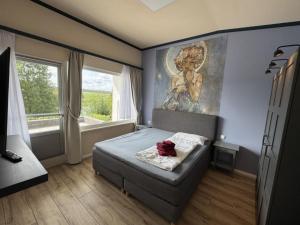 a bedroom with a bed and a painting on the wall at Holiday Home Feriendorf E44 by Interhome in Husen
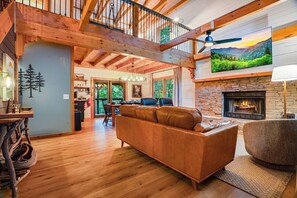 A spacious living room with a fireplace, wooden floors, and a high ceiling with exposed beams. - The Smoky Edit | 3 Decks | Hot Tub | Pool Table | 2 Fire Pits (Gatlinburg)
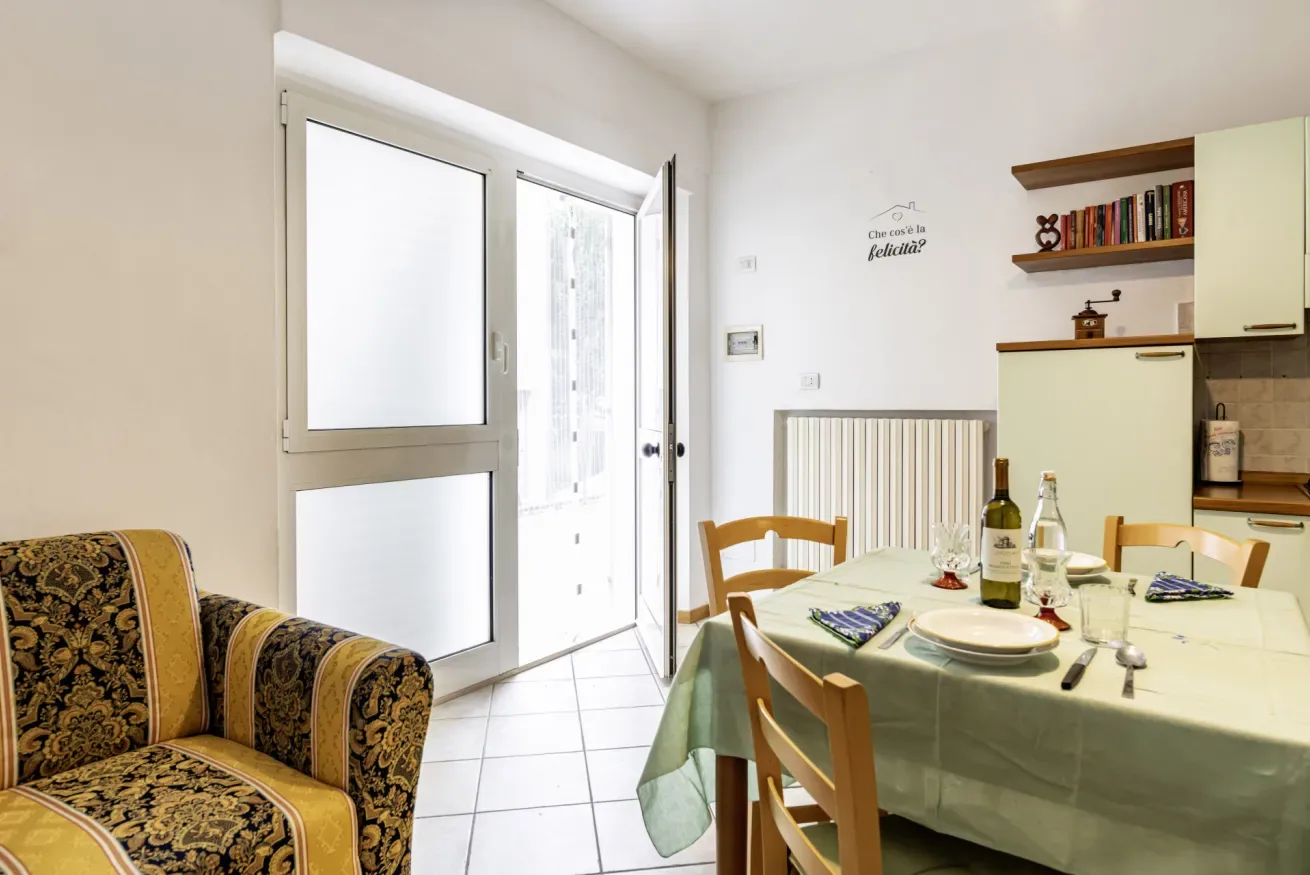 A dining area with a table set beside a patterned sofa and a bright glass door.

......

Try it: For this exercise, restate the material exactly and skip every picture.

Written reply:
 a bedroom with a bed and a painting on the wall at Holiday Home Feriendorf E44 by Interhome in Husen
 A spacious living room with a fireplace, wooden floors, and a high ceiling with exposed beams. - The Smoky Edit | 3 Decks | Hot Tub | Pool Table | 2 Fire Pits (Gatlinburg)
 A dining area with a table set beside a patterned sofa and a bright glass door.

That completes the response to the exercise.